As any librarian or book shop owner — think of an old-fashioned set-up, where people actually have access to the shelves for browsing — could tell you, book collections require continuous maintenance. There are the daily menial chores – clients may put books back on the shelves basically anywhere, or upside down, and so on.
Then, books that haven’t been sold for a long time need to be replaced by new arrivals, or from storage. Since we sell books that are being donated to us, new arrivals need to be sorted, and priced. Sorting involves, obviously, language, then category, and quality. By quality I mean their physical condition, not contents. Some of the incoming books are in pretty bad shape, and we donate them further on for free.
The book corner had not received all that maintenance work for some time, mostly due to the lack of volunteers. During the lockdowns, and also thereafter when schools were still closed, or on a reduced attendance schedule — and some still are —, many volunteers had to stay home and look after the kids. Or expats have left the country for good. We once had twenty or so volunteers for all the work and the goods we sell at the centre, now we’re down to four or five.
Nothing anybody could do about all that, alas. Consequently, the organisation was, shall we say, not so good. I have since gone through all the English section, weeding out old stuff, putting books back onto the shelves according to their category, and so on. Slowly things get into order again, and it makes me smile to look at “my” shelves. I have also defined new categories, or changed the existing ones slightly to better fit our book collection. I think. We’ll see.
At the Source
I love books. The Kindle is practical, also for purchasing specific titles, for example the non-fiction textbooks I am interested in. But for me, reading a real book is a pleasure. Especially with nice typography, and good quality paper. Since I am at the source now, I have purchased and read numerous novels and non-fiction titles in the past weeks. Ten? Twelve? I have lost count, and I cannot go back and count the read ones, as I donate them back when I am through, so others get a shot, too. Many of our clients do that as well, so our book corner is actually more like a third, fourth, or more hand book shop.
Avoiding the Tipping Point
I personally like neatly looking book shelves, and by extension I assume our clients do as well. I mean they must be book buffs, too, else they would not be in there in the first place. So each morning I go through the shelves, and just clean up the looks to get started. Not pedantically, but still, have the spines somewhat lined up, and all that. Checking for misplaced books. But I think if the books present themselves neatly, the clients are also better motivated to keep some basic order. Well, at least most of them. Messy book shelves get a lot messier very quickly, and at some tipping point the whole just becomes unmaintainable. Entropy builds up in no time on book shelves. See above. Broken windows theory, for what it’s worth.
Between Calm to Frenzy
Some days are easy, but at times we get a ton of new donations in a short time, and I try to keep abreast of chaos, not least as we don’t have a lot of working and storage space for books. So a quick triage is key, French for Diane, English for me, bad quality to give away. Sometimes it’s simply easier to put all boxes with newly donated books into my car, and then do the sorting and pricing at home on my verandah. There I have space, and only need to pay attention that Leah, my doggie, does not throw over the piles with her enthusiastically wagging tail.

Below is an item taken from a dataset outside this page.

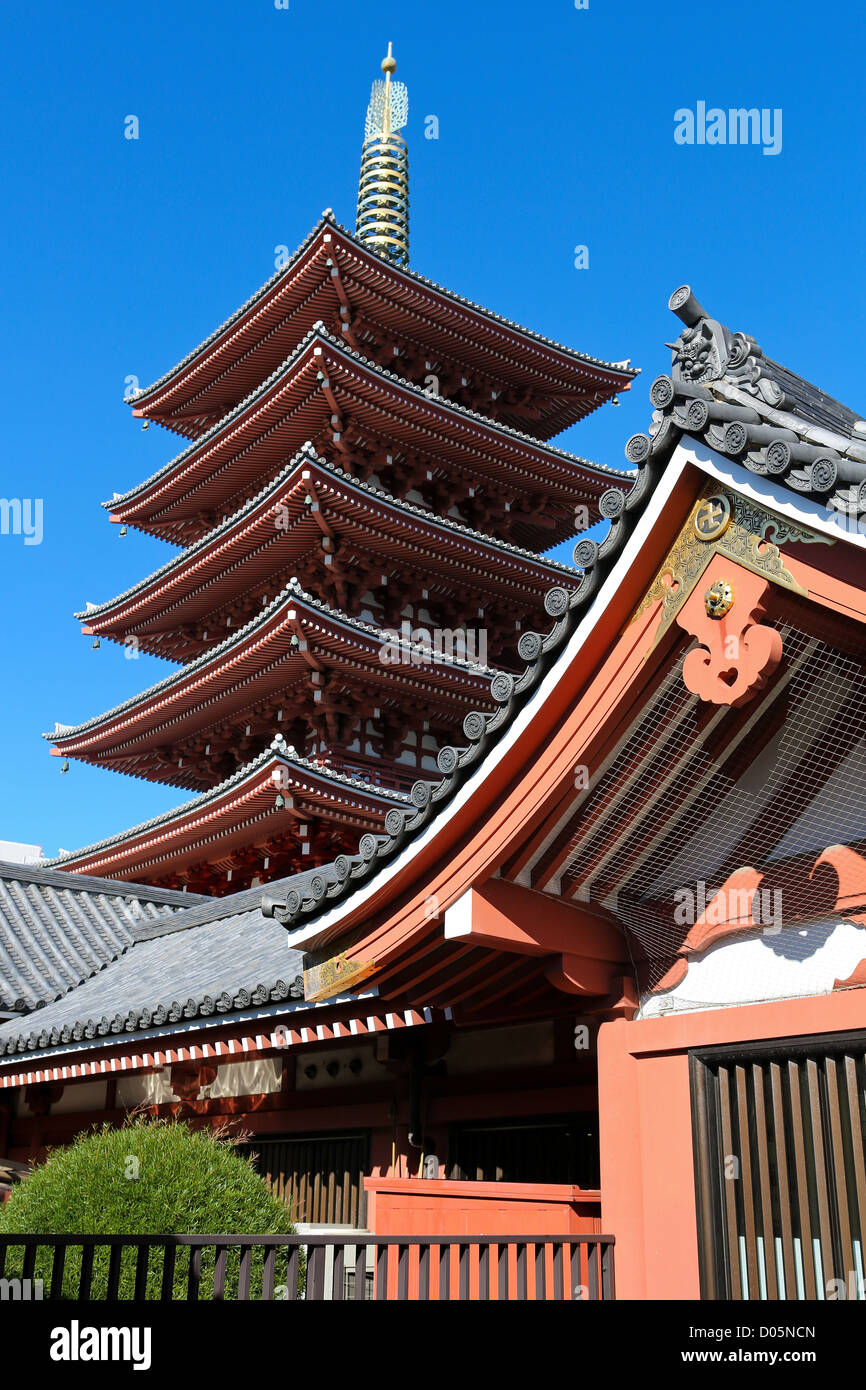 Temple Asakusa Sensoji pagode à à Tokyo, Japon Banque D'Images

Don’t skimp on labelling the boxes! If what box contains what seems clear on Monday, it isn’t anymore on Wednesday, when I return. (Our opening days are Monday, Wednesday, and Friday). Probably I also just get old. I mean I usually use my reading glasses to work, which should tell you something.

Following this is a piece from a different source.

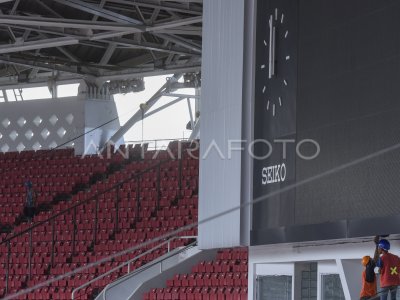 RENOVASI STADION UTAMA GBK ANTARA Foto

It’s satisfying to watch that the new organisation is being appreciated by many clients. Sometimes I joke with Rose and say it was a bad day, as I didn’t get any compliments. Compliments are nice and encouraging, especially in the midst of sweatily schlepping heavy boxes of books. Luckily, we have air conditioning in there, which is a Good Thing™ with summer approaching. And it might be a hot summer. It’s only the beginning of November, but on sunny days it feels like January already.